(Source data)
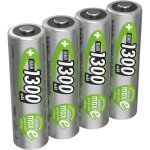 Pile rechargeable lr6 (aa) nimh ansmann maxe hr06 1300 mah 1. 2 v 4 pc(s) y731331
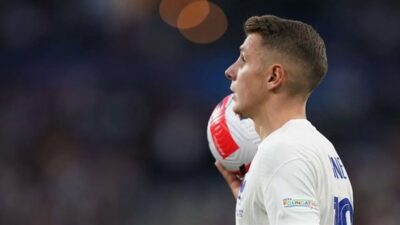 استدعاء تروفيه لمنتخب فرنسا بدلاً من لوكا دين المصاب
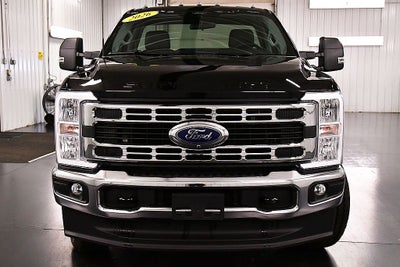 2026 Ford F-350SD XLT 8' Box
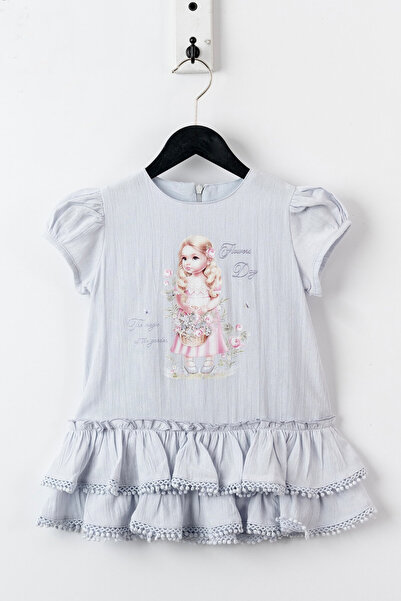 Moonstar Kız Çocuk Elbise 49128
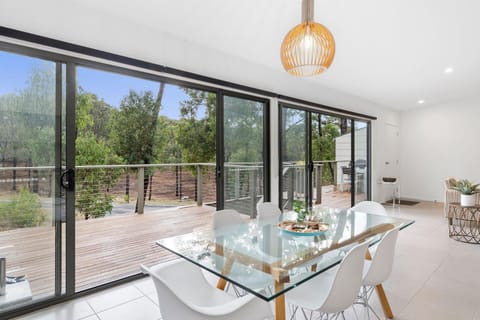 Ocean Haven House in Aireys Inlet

* WHAT IS REQUIRED *
Beginning with the line containing "2026 Ford F-350SD XLT 8' Box" and ending with the last line of the data above, repeat each line exactly. Include no pictures and no other lines.

* COMPLETED TASK *
 2026 Ford F-350SD XLT 8' Box
 Moonstar Kız Çocuk Elbise 49128
 Ocean Haven House in Aireys Inlet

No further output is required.